Push-pin and christmas-tree fasteners are well known within the art. These fasteners are designed for secure fit and difficult removal while at the same time allowing for easy insertion.
A particular challenge in using these types of fasteners, especially in the automotive field, lies in providing a fastener that will afford the most secure attachment in combination with the simplest insertion process and fewest additional parts or insertion steps. Often, improper insertion direction results in loose fit and the risk of separation. Additionally, there is a need for fasteners that can prevent a fastened part from pivoting about the fastener, without the need for additional fasteners or attachments.
Other problems include the difficulty in maintaining the fastener centered within an aperture so that it may have less of a tendency to loosen within the aperture or slip out of the aperture completely. A fastener with a basic rounded shank runs the risk of separation with any aperture that is not circular and of similar diameter.
The prior art includes many christmas-tree type fasteners. U.S. Pat. No. 3,810,279 discloses a drive fastener having a head, polygonal shaft and axially staggered wings along the shaft. U.S. Pat. No. 4,728,238 discloses another drive fastener having a head, polygonal shank and wings arranged along the shank. U.S. Pat. No. 5,468,108 discloses a spiral tree-fastener having a head and a flattened shank, wherein the shank contains a plurality of flexible wings arranged at an oblique angle with respect to the fastener axis.
One problem that arises with the use of some existing fastener structures is that their size and shape do not allow for ideal fit and security within an aperture. This unfortunately results in slipping and disengagement of the fasteners. Further, most push-pin fasteners are not capable of providing secure fastening to a multi-layer substrate, nor do they have the capability of fastening substrates with a wide variety of thicknesses with one standard fastener.

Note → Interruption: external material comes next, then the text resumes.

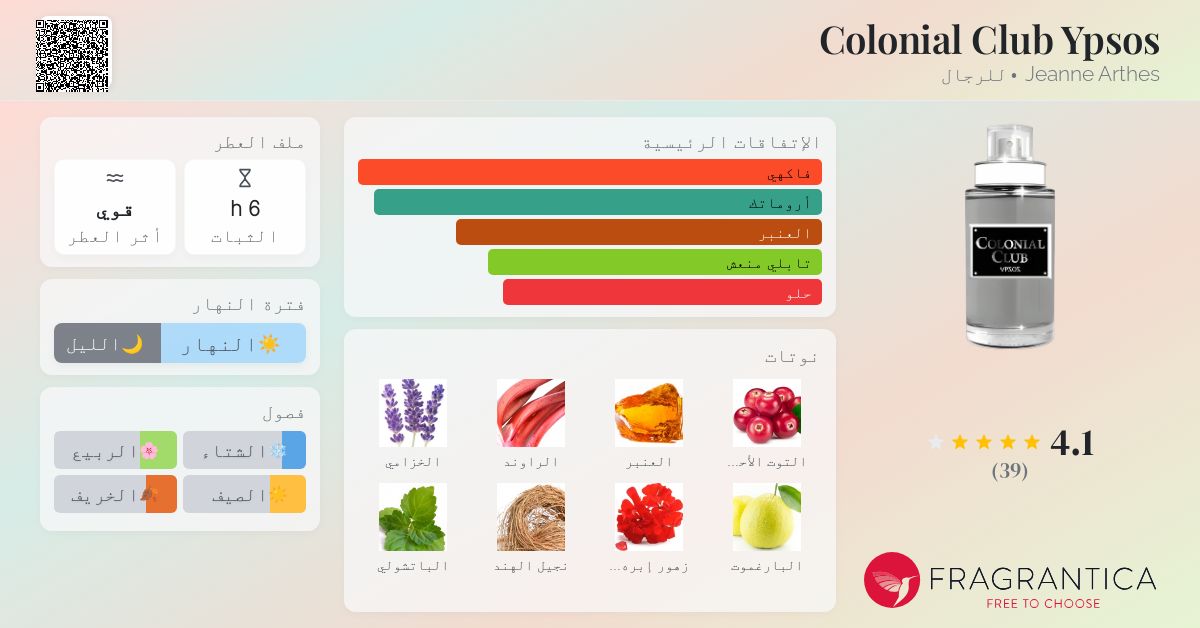 Colonial Club Ypsos Jeanne Arthes ماء كولونيا a fragrance للرجال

As another problem, many push-pin fasteners provide no means to ensure that the fastener is inserted in the ideal position to ensure maximum secure fit. As such, fasteners that are inserted upside-down, sideways or at any other imperfect position, are again subject to rotation, slippage, disengagement, or at the very least, abnormally difficult insertion. Those fasteners that are circular in nature and thus not subject to improper insertion direction often fail to fit securely within any non-circular aperture, resulting in slippage and disengagement.
A further issue with many fasteners is that multiple fasteners or additional attachments are often required to prevent slippage, disengagement, or a fastened part from twisting about a fastener. This results in increased parts, labor, and maintenance.

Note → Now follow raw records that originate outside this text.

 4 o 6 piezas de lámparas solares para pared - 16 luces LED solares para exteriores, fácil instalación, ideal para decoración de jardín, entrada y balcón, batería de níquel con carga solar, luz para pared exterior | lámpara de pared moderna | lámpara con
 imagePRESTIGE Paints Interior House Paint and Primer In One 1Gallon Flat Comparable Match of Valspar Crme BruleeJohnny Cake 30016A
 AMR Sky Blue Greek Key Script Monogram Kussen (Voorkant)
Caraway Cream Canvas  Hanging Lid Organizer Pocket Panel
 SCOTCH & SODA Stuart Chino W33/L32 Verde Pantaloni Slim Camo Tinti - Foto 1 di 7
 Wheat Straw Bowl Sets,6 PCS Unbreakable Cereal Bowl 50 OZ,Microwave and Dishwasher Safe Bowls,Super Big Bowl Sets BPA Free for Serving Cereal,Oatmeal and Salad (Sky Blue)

The present invention addresses one or more of the above problems, and represents an improvement to existing fasteners for use within vehicles. Accordingly, a fastening system for a vehicle component is disclosed. The fastener typically includes a head or cap and a shank with at least two side walls. At least one of the side walls is typically lined with wing structures. The fastening system further includes a complimentary shaped aperture within a substrate as part of a vehicle component.